Robert Rendon, a registered Republican, says he was willing to vote for anyone, as long as it wasn't Reid:

"Look at the situation he put us in. I mean, the highest in unemployment, the highest in losing homes, people losing their houses, I mean, Jesus Christ, he ain't helpin' us, that's for sure," Rendon said.

Mary Ann Sheldon, 78, also voted for Angle.

"Of course, I would've voted for almost anybody to try to get rid Of Harry Reid," she said. "I do not like Harry Reid."

Reid Defends Record

Such resentment, says University of Nevada political scientist David Damore, is precisely why Reid, for all his power in Washington, could well be toppled by his fellow Nevadans.

"What we've seen in Nevada, I think, is [what] you've seen in a lot of other states ... just this sort of anger, this inchoate anger lashing out at the establishment; that if you're establishment, you are part of the problem," Damore said.

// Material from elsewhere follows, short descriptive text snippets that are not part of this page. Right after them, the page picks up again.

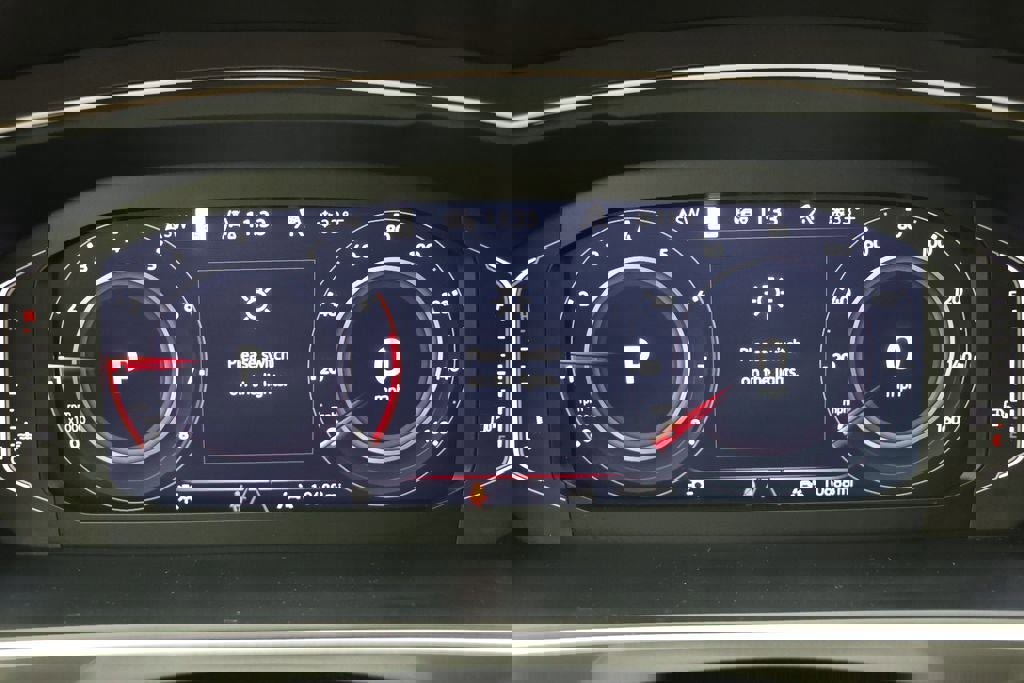 Used 2024 Volkswagen Tiguan SEL R-Line image 21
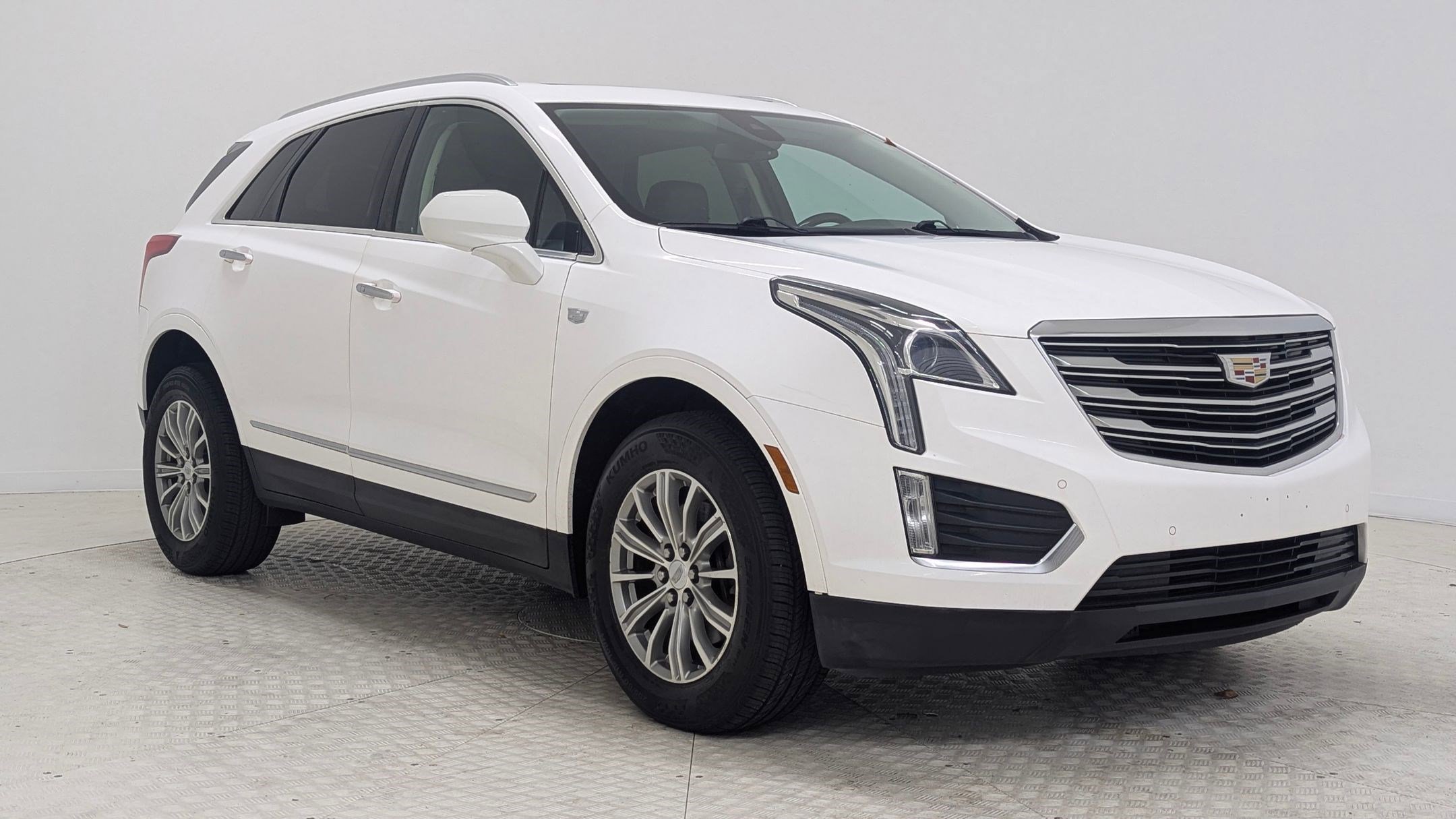 Used 2017 Cadillac XT5 Luxury w/ Driver Awareness Package image 6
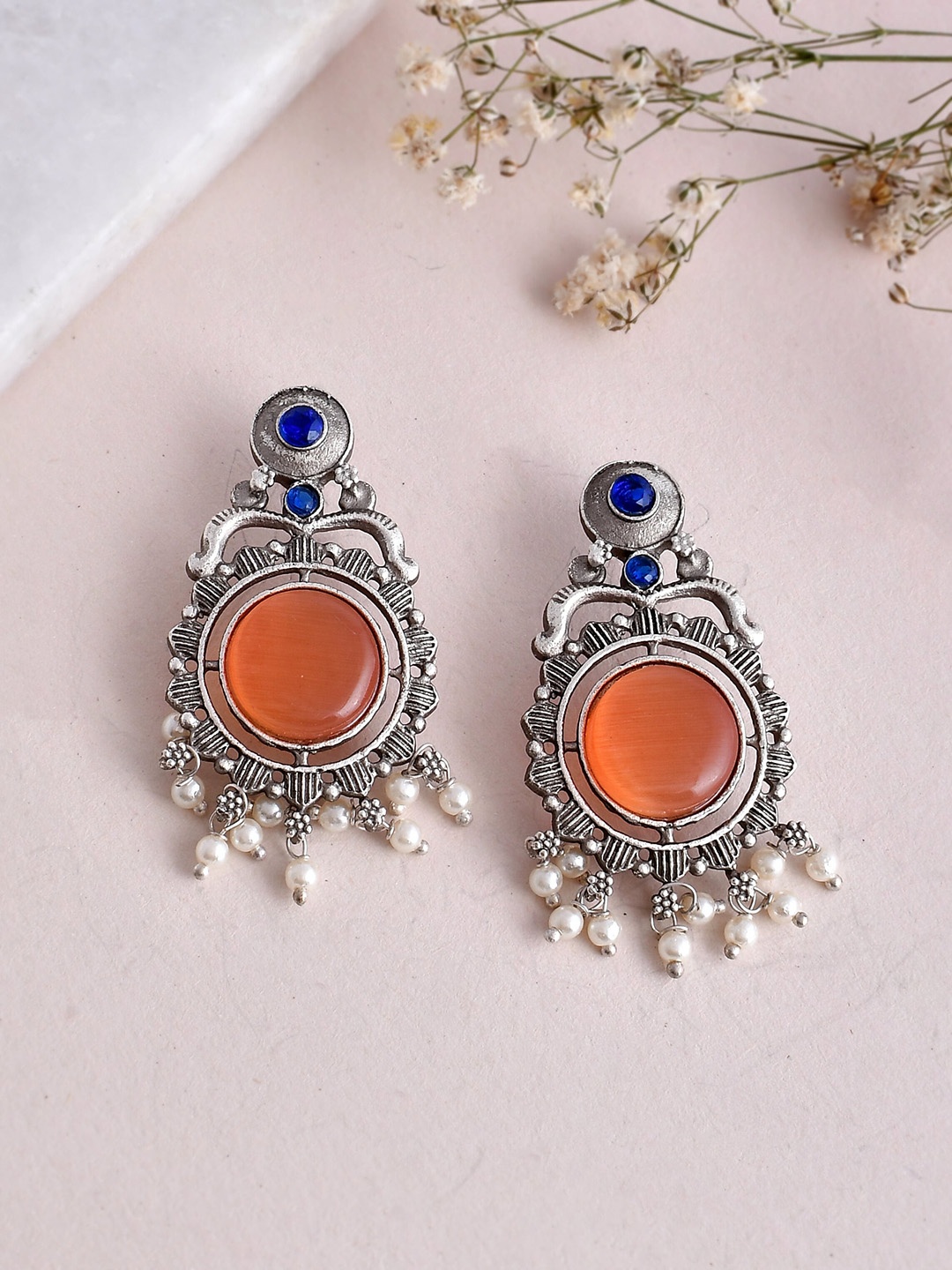 

DASTOOR Silver-Toned Contemporary Drop Earrings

At a recent get-out-the-vote rally in Henderson, Nev., Reid seemed to feel he had to defend his record even to supporters.

"We've been going through a lot in Nevada," he said. "For 20 years, we were at the top of the economic food chain, and when Wall Street collapsed, we fell further than anyone else.

"But I want everyone to know here it isn't a secret, I didn't cause the financial collapse."

The one determining factor for who's going to win is going to be about who has effectively made the election about the other person.

Later, Reid explained why many voters believed he hadn't done enough for Nevada.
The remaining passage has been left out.